また別のステレオタイプ的な説明には、「タイプ4は芸術的なタイプ」というものがあります。そのため、芸術的な分野に興味関心を持っていたり、実際にそういった分野に携わっているタイプ6が、タイプ4だと誤認されることもあります。
重要なのは、憂鬱になりやすいか、なりにくいかといった点や、芸術に興味があるかないか(あるいは芸術的な才能があるかないか)といった点ではありません。
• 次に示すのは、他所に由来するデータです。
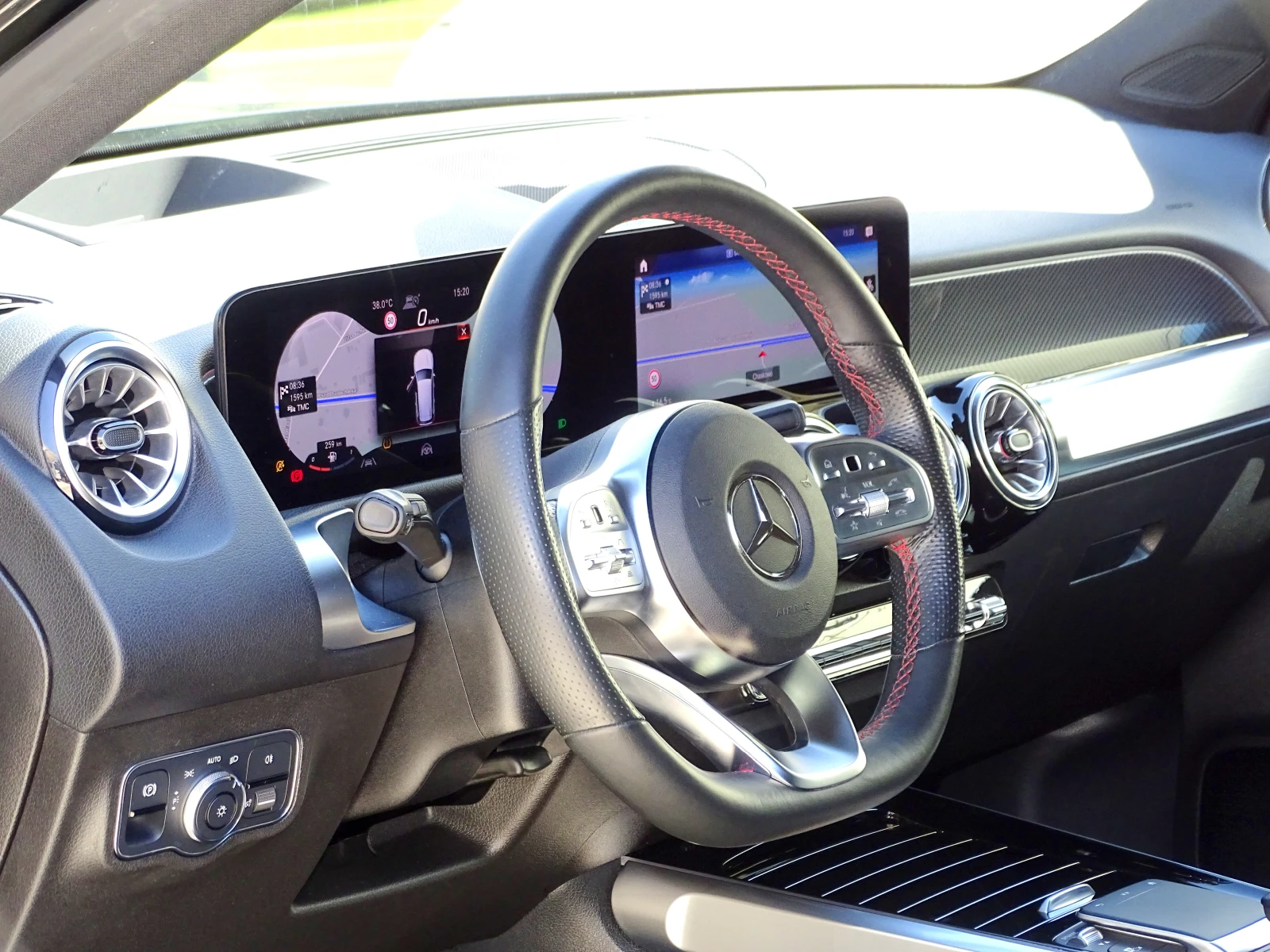 Mercedes-Benz GLB 220 AMG LINE_HEAD UP_DISTRONIC_* LINE ASIST_* , снимка 9 - Автомобили и джипове - 54937995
なぜ憂鬱になりやすいのかという点、どういった芸術に興味があるのかといった点に着目する必要があります。
タイプ概要
タイプ4 | タイプ6 | |
---|---|---|
囚われ | 妬み | 恐れ |
根源的恐れ | アイデンティティがないこと 個人的な存在意義がないこと |
支えや導きがなく、自力で生存できないこと |
根源的欲求 | 内面の体験からアイデンティティを作ること 自分自身と自分の存在意義を見つけること |
安全と支えを見つけること |
超自我の声 | 自分に正直であれば大丈夫だ | 期待されることをすれば大丈夫だ |
共通点
タイプ4とタイプ6は下記の点が共通しています。
- 憂鬱になることがある
相違点
タイプ4とタイプ6は下記の点が異なっています。
タイプ4 | タイプ6 |
---|---|
内向的な性格 | 内向的な性格と外向的な性格が混ざった、両向的な性格 |
自分を探して彷徨っているうちに、自己実現のチャンスを失ってしまったと気づいたとき、自分自身に対して怒りを感じて憂鬱になる | 権威者を怒らせる何かをしてしまったのではないか、権威者から罰せられるのではないかという不安から憂鬱になる |
誰から何を言われても憂鬱なまま(自分を責めた結果の憂鬱なので) | 権威者が安心することを言ってくれれば、不安が緩和されて憂鬱な気分が晴れる |
自分で言葉や音楽を作る芸術家(オリジナル・クリエーター、劇作家、詩人) | 誰かの言葉や音楽を演じる芸術家(舞台芸術家、俳優、ミュージシャン) |
創作のテーマは「個人的な真実の探求」。感情と自分の内なる声に従い、創作活動に没頭する中で見つけ出した、自分の魂の躍動、個人的な啓示、あるいは自分の中の光と闇などがテーマになることが多い | 創作のテーマは「伝統と、それに対する反抗」。はっきり決まっているルールとスタイルの中で創作活動をする伝統主義者か、あるいはその逆に、伝統的な形式にわざと反抗しようとするスタイル(ロックスターや実験的な小説家など)のどちらか。帰属意識、安全、家族、政治、国、共通の価値観などがテーマになることが多い |
ユングのタイプ論との関係
ドン・リチャード・リソ、ラス・ハドソンの著書「Personality Types: Using the Enneagram for Self-Discovery」のTable 14.2. The Jungian Correlationsでは、タイプ4は内向的直観に、タイプ6は内向的感情に近いとされています。